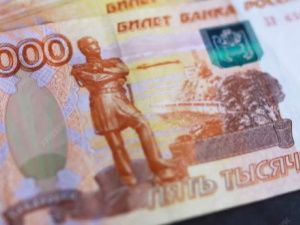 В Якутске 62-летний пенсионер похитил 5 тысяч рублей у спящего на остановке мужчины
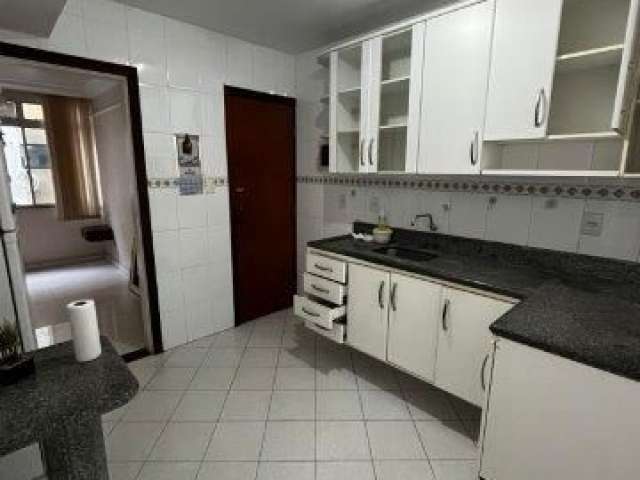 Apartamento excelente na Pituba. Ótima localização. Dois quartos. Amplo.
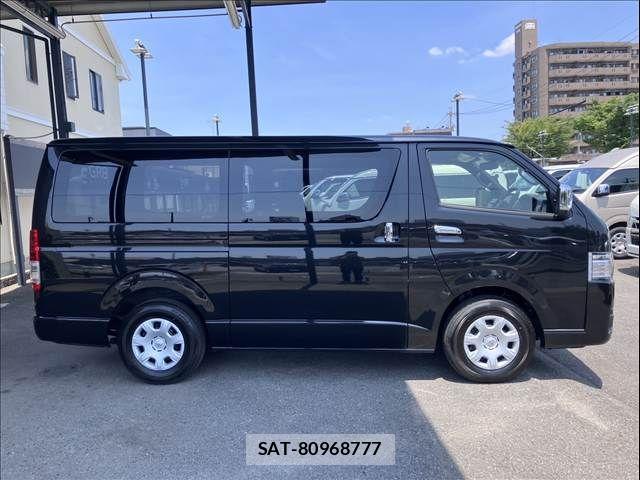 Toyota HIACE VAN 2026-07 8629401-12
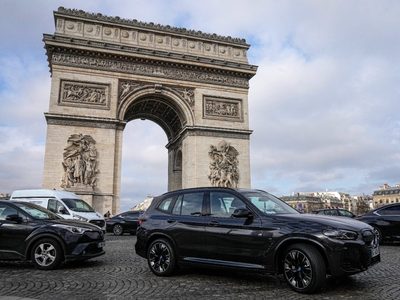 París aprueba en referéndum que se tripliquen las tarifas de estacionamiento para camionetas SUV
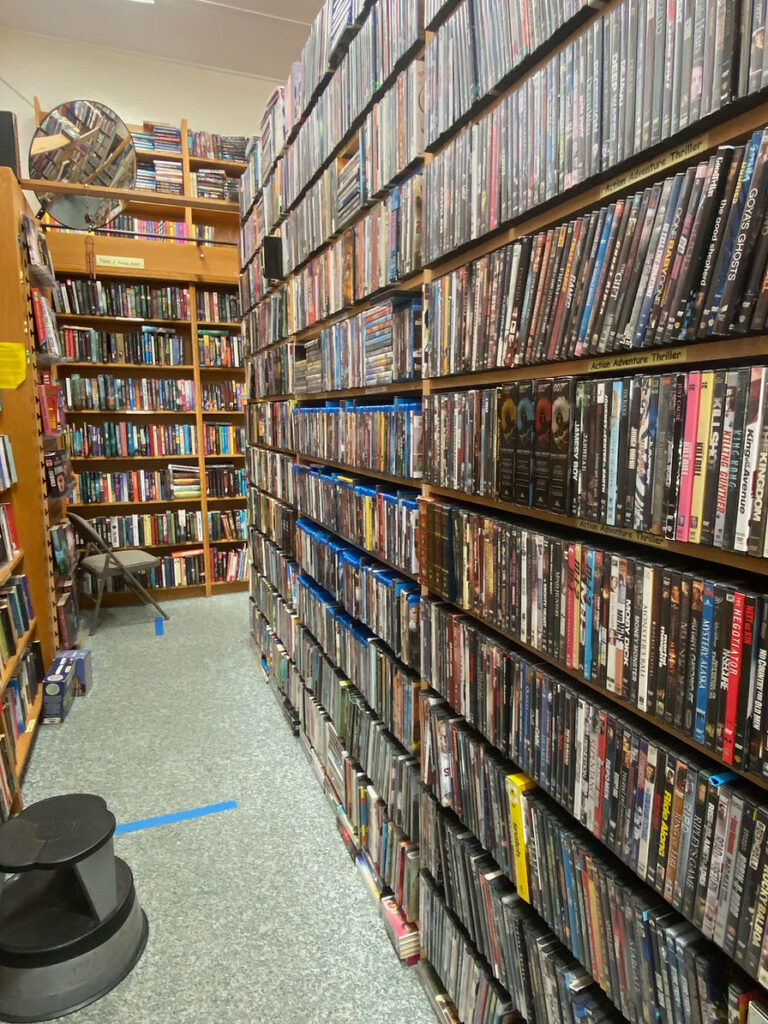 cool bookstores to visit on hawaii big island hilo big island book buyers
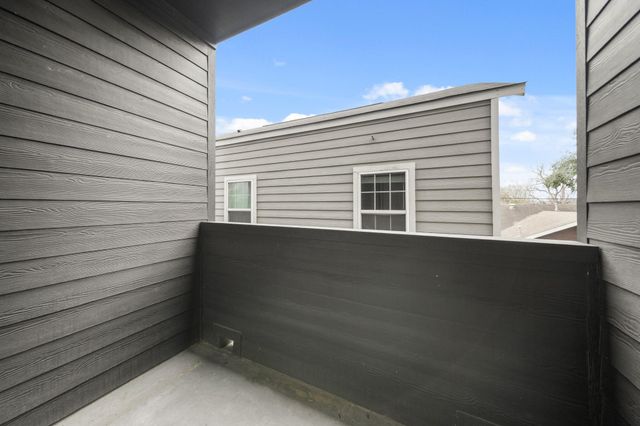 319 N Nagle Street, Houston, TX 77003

▶ **What to work on**
With pictures excluded, the data must be transcribed in full and to the letter.

▶ **Exercise solution**
 В Якутске 62-летний пенсионер похитил 5 тысяч рублей у спящего на остановке мужчины
 Apartamento excelente na Pituba. Ótima localização. Dois quartos. Amplo.
 Toyota HIACE VAN 2026-07 8629401-12
 París aprueba en referéndum que se tripliquen las tarifas de estacionamiento para camionetas SUV
 cool bookstores to visit on hawaii big island hilo big island book buyers
 319 N Nagle Street, Houston, TX 77003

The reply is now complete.